Il est par ailleurs constant que les VRP bénéficient de la DFS à hauteur de 30 %.
Il ressort de la lettre d’observations que l’inspecteur du recouvrement a constaté le remboursement de frais de déplacement et de repas à des salariés élus, soit remboursés directement par l’employeur en 2017 et 2018, soit remboursés par le comité d’entreprise en 2016 puis refacturés à l’employeur, malgré la déduction forfaitaire pour frais professionnels pour certains de ses élus. Contestant l’existence de ce cumul entre la DFS et la déduction des frais professionnels, l’inspecteur a réintégré à l’assiette de cotisations et contributions sociales ces frais.
Le montant de ce redressement s’établit à 29 162 €, outre la majoration de redressement de 2916 € pour absence de mise en conformité depuis le dernier contrôle portant sur la période du 01/01/2013 au 31/12/2015.
La société conteste cette régularisation considérant que les frais ayant été réintégrés à l’assiette des cotisations ne constituent pas des dépenses engagées dans l’exercice de leur profession de VRP mais des sommes exposées au titre de leur mission de représentation collective (élus DP et C.E.).
L’URSSAF oppose au contraire que ces dépenses constituent des remboursements de frais professionnels et que celles-ci, quand bien même fussent-t-elles engagées dans le cadre d’un mandat électif en complément de l’activité de base, ne sont pas visées dans la liste limitative de la circulaire du 07/01/2003 de sorte qu’aucune exonération de ces frais ne peut être cumulée avec la DFS.

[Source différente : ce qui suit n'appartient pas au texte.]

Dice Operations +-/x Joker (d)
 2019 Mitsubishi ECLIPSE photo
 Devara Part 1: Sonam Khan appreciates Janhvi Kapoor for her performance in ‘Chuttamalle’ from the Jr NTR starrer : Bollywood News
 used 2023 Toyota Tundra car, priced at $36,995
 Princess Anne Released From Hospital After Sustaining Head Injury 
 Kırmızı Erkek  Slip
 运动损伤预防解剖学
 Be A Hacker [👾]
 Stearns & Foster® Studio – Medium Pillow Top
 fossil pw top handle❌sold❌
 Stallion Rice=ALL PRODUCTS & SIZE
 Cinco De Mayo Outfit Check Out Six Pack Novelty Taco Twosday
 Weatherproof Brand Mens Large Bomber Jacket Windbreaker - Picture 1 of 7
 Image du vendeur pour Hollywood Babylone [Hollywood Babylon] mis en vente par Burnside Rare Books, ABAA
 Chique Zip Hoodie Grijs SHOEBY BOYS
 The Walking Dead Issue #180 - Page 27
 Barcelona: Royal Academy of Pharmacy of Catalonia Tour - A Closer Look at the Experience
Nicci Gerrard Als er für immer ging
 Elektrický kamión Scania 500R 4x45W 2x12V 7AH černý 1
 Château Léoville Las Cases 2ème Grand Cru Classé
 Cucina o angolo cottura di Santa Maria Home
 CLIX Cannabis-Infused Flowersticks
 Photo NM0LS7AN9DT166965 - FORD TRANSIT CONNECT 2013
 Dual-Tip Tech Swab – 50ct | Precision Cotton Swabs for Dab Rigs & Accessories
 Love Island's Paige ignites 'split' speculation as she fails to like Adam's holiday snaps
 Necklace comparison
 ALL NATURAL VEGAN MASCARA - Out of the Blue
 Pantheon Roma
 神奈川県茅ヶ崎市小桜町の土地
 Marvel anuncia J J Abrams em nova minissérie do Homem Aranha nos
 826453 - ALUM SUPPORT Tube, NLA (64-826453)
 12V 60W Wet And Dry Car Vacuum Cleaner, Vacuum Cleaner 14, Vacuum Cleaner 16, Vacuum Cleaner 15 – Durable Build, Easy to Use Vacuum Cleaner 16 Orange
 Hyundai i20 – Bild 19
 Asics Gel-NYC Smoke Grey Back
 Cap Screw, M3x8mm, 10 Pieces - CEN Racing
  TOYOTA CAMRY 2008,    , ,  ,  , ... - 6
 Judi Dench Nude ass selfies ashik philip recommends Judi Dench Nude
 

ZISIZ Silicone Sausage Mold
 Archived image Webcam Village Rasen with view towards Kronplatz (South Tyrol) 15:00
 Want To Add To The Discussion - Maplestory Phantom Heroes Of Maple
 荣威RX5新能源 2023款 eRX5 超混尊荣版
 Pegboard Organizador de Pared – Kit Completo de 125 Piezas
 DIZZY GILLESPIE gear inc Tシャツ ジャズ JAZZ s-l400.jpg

Cependant, il y a lieu de relever que l’URSSAF ne conteste pas que ces frais de déplacement et de repas réintégrés à l’assiette des cotisations ont été engagés au titre de mission de représentation collective (élus CE-DP) et non dans le cadre de l’exécution de leur prestation de travail.
En effet, dans sa lettre d’observations, l’inspecteur du recouvrement précise que ces frais ont été exposés pour se rendre à des convocations aux réunions de délégués du personnel du comité d’entreprise.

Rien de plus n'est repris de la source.